### Input data
· · · · ·

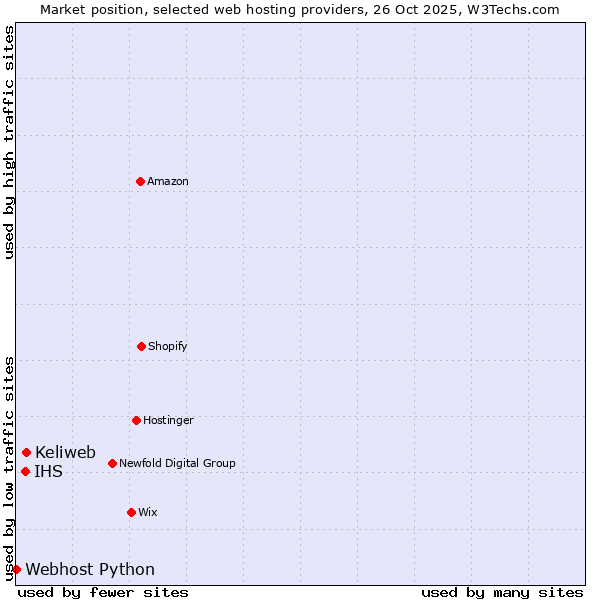Market position of Keliweb vs. IHS vs. Webhost Python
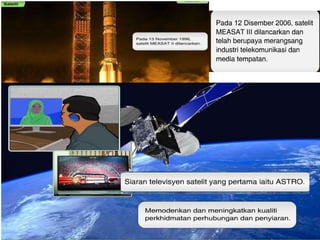 Perkem perhubungan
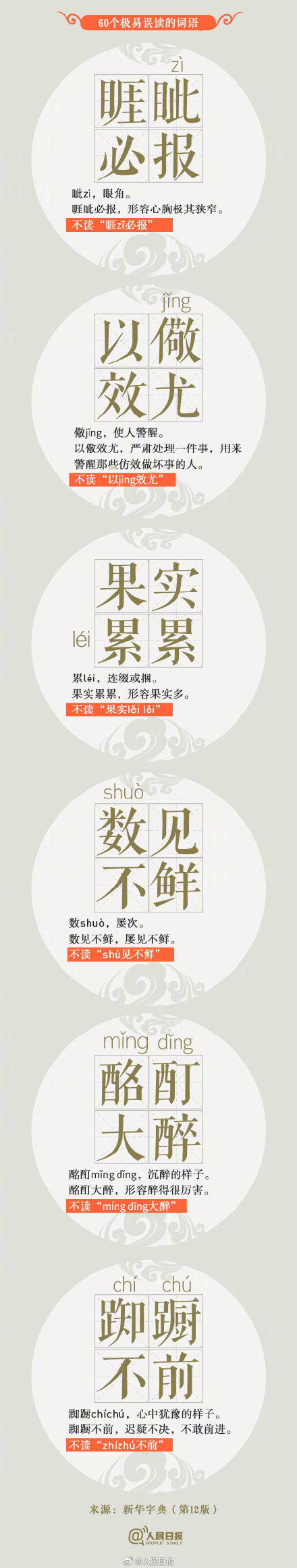 60个高出错率汉字,你能读对几个? 60个高出错率汉字,你能读对几个?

· · · · ·

### Activity
Begin at the line containing "Perkem perhubungan" and restate exactly every line through the end of the material, skipping the pictures.

### Output
 Perkem perhubungan
 60个高出错率汉字,你能读对几个? 60个高出错率汉字,你能读对几个?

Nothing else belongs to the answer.